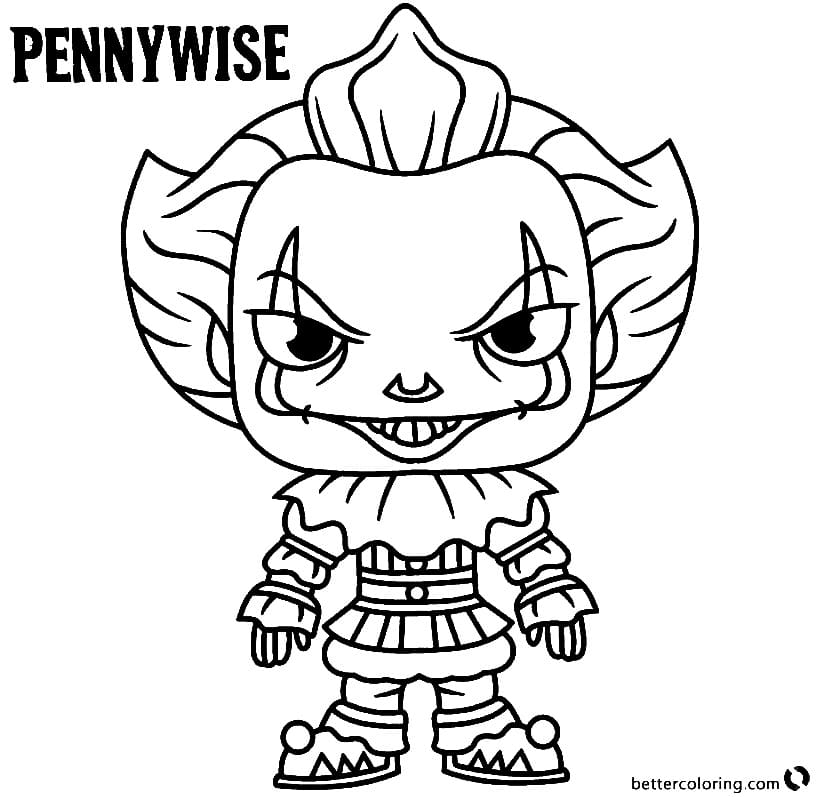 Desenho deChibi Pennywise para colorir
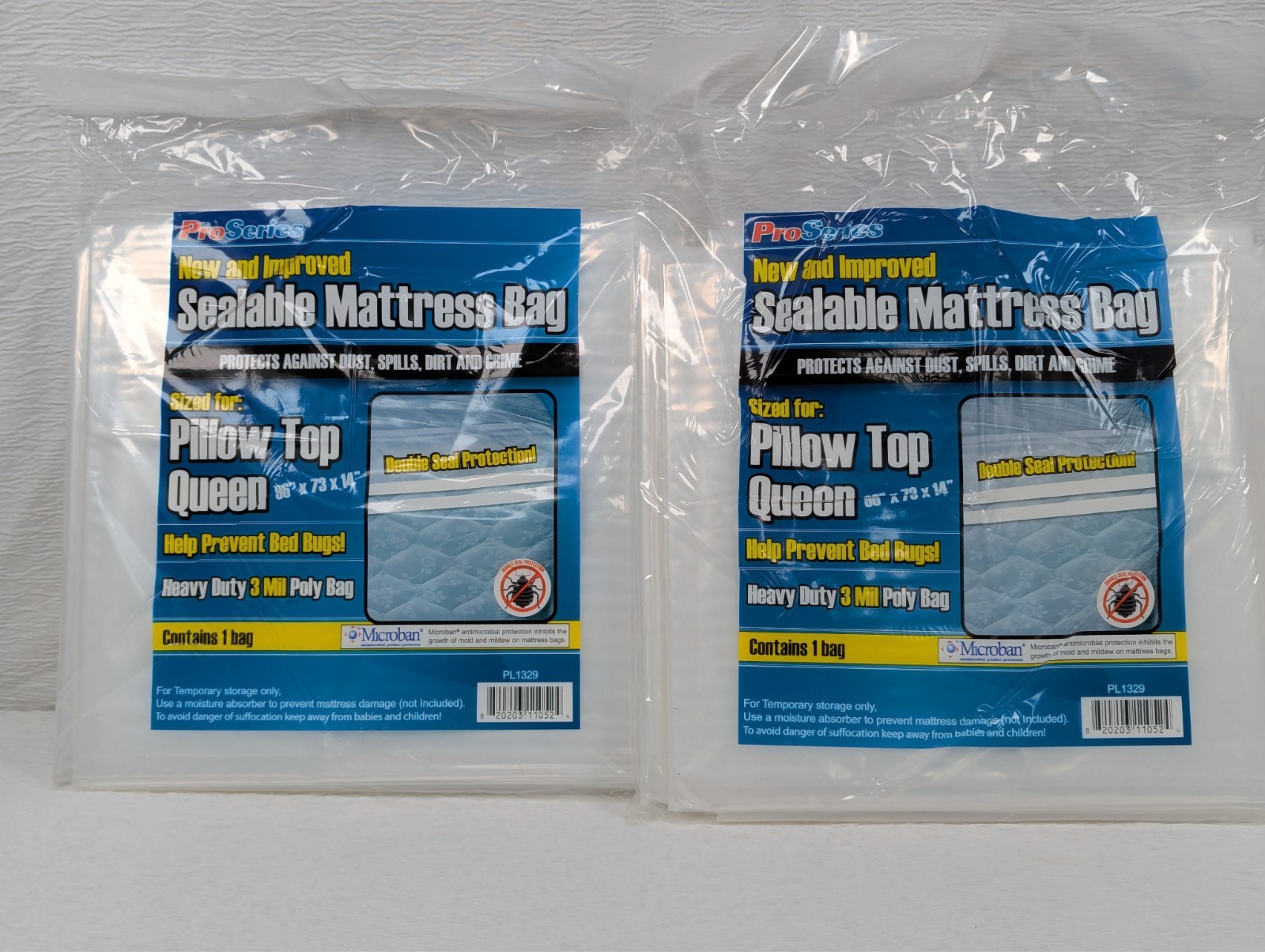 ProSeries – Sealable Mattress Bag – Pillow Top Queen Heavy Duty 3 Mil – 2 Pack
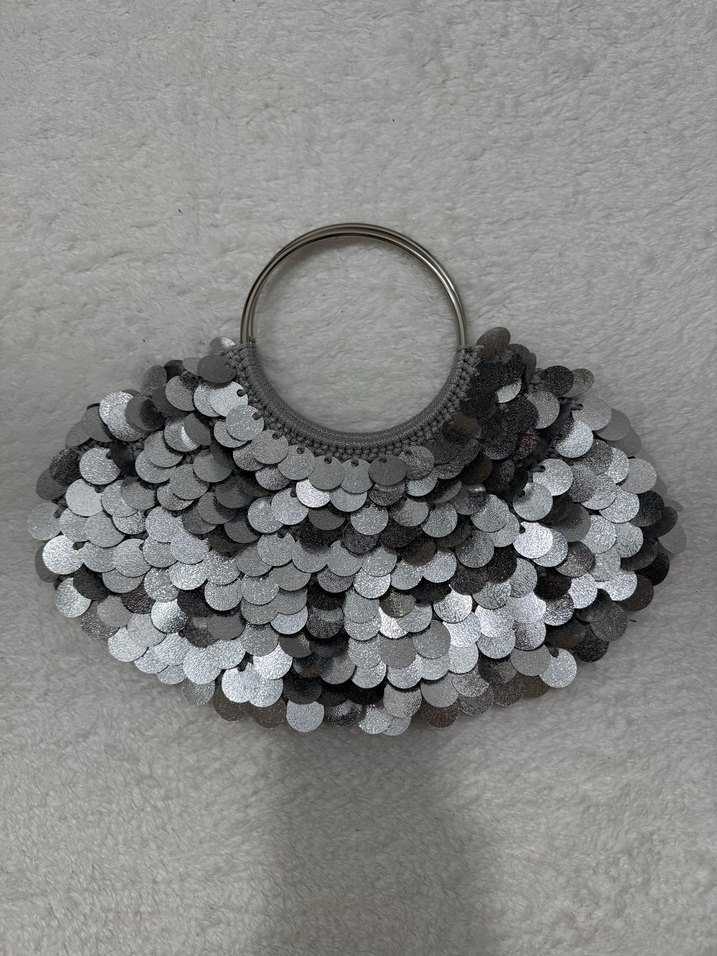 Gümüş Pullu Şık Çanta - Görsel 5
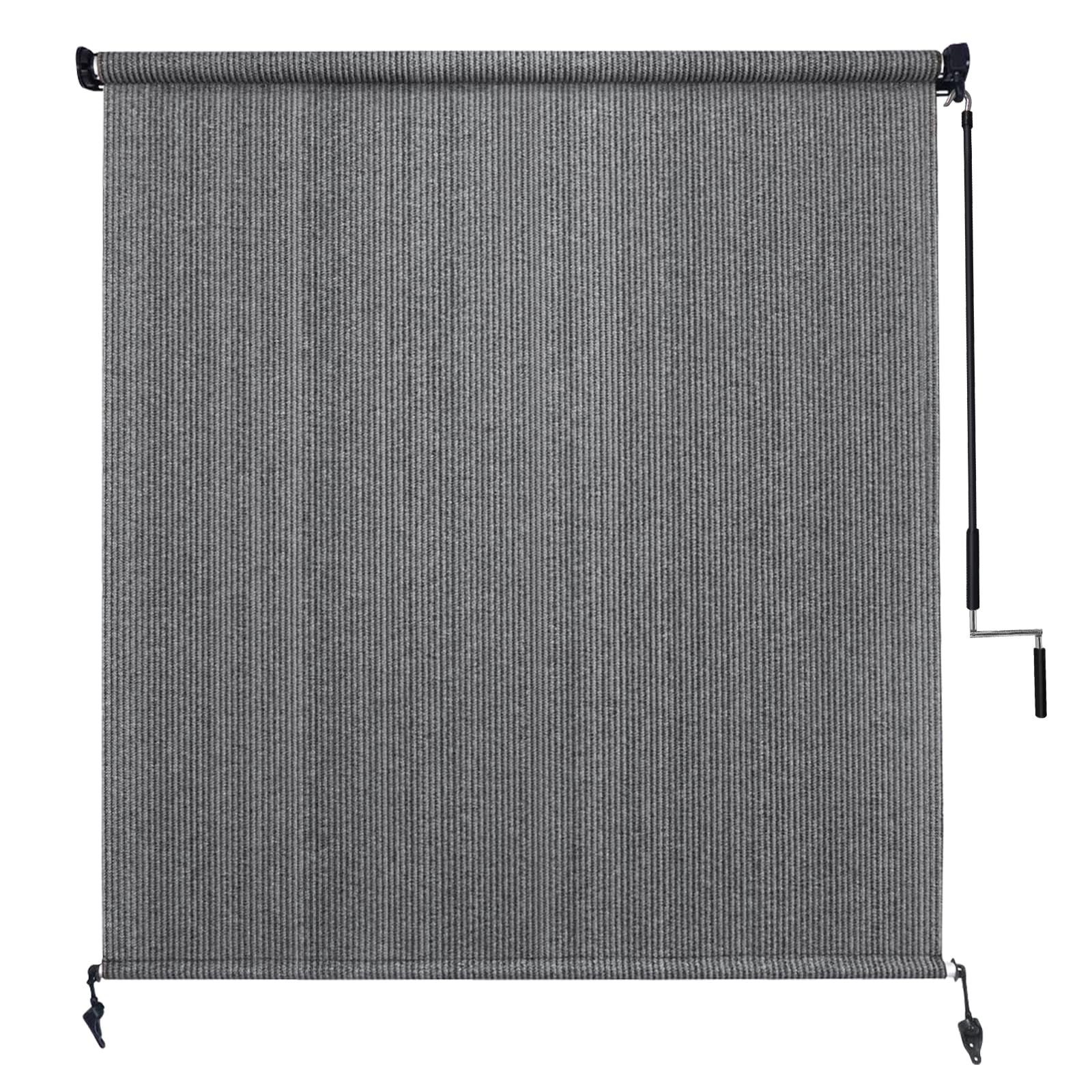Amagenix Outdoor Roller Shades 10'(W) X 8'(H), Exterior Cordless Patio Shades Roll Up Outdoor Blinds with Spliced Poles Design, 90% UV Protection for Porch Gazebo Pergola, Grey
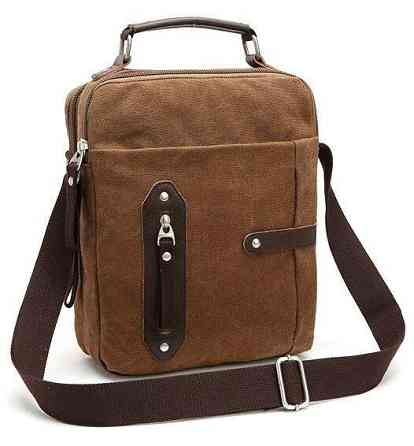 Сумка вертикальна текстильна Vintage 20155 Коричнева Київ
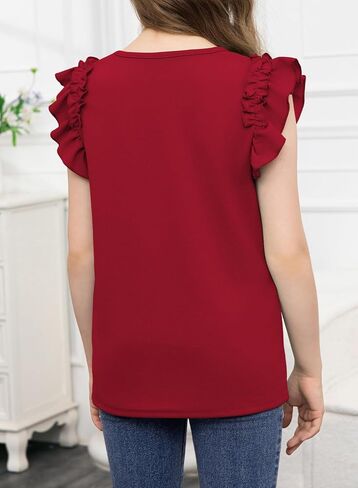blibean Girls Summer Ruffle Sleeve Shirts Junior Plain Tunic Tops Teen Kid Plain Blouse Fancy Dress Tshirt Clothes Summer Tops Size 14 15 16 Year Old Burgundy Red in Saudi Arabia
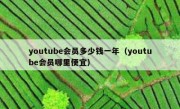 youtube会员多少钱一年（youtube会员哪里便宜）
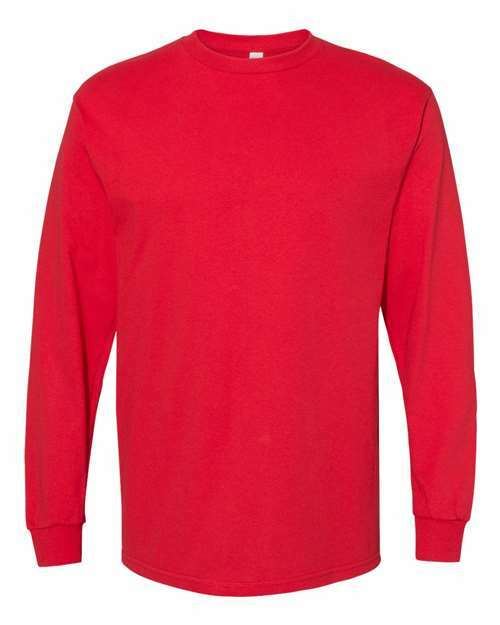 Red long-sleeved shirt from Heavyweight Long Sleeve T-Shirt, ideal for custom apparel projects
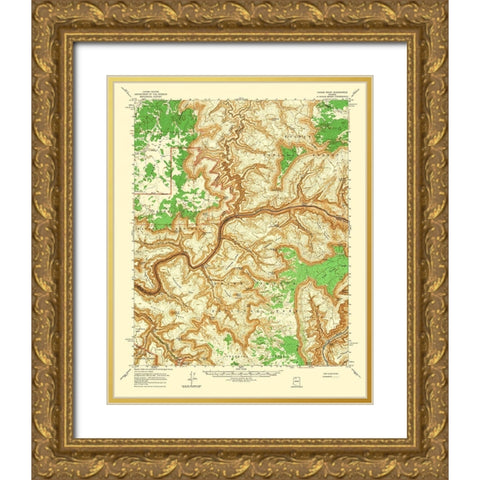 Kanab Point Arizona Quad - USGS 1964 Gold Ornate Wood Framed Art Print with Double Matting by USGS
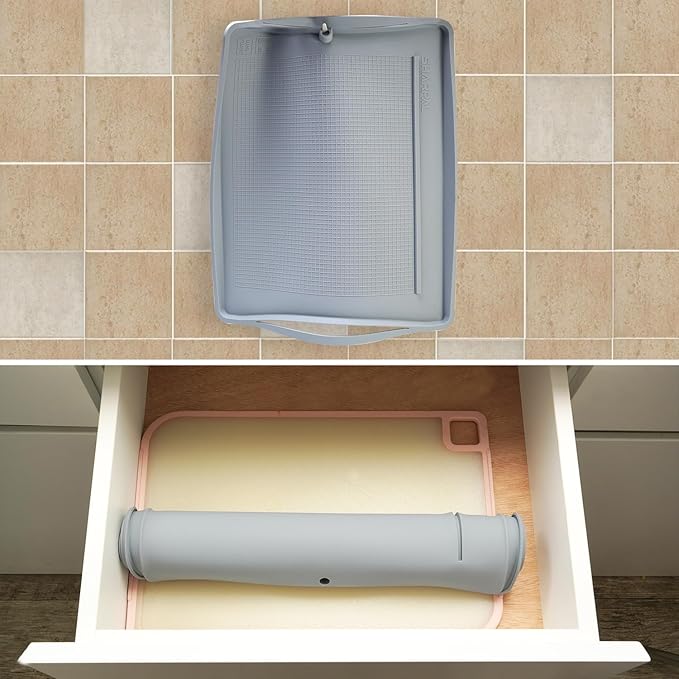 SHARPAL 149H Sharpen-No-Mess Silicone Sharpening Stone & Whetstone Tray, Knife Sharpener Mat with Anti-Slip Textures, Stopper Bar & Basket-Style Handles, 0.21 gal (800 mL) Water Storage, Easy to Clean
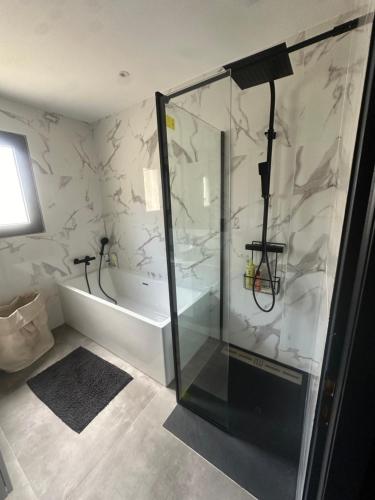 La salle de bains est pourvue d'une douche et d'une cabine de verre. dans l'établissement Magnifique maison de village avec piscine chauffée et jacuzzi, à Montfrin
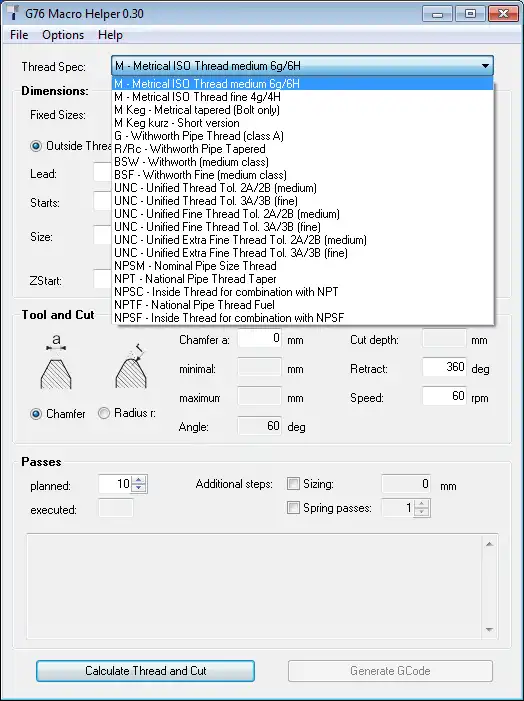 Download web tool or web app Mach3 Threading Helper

______________________________

Within the entries above, the lines from the one containing "ProSeries – Sealable" through the one containing "Kanab Point Arizona" are to be transcribed exactly, ends included, pictures excluded.

 ProSeries – Sealable Mattress Bag – Pillow Top Queen Heavy Duty 3 Mil – 2 Pack
 Gümüş Pullu Şık Çanta - Görsel 5
Amagenix Outdoor Roller Shades 10'(W) X 8'(H), Exterior Cordless Patio Shades Roll Up Outdoor Blinds with Spliced Poles Design, 90% UV Protection for Porch Gazebo Pergola, Grey
 Сумка вертикальна текстильна Vintage 20155 Коричнева Київ
blibean Girls Summer Ruffle Sleeve Shirts Junior Plain Tunic Tops Teen Kid Plain Blouse Fancy Dress Tshirt Clothes Summer Tops Size 14 15 16 Year Old Burgundy Red in Saudi Arabia
 youtube会员多少钱一年（youtube会员哪里便宜）
 Red long-sleeved shirt from Heavyweight Long Sleeve T-Shirt, ideal for custom apparel projects
 Kanab Point Arizona Quad - USGS 1964 Gold Ornate Wood Framed Art Print with Double Matting by USGS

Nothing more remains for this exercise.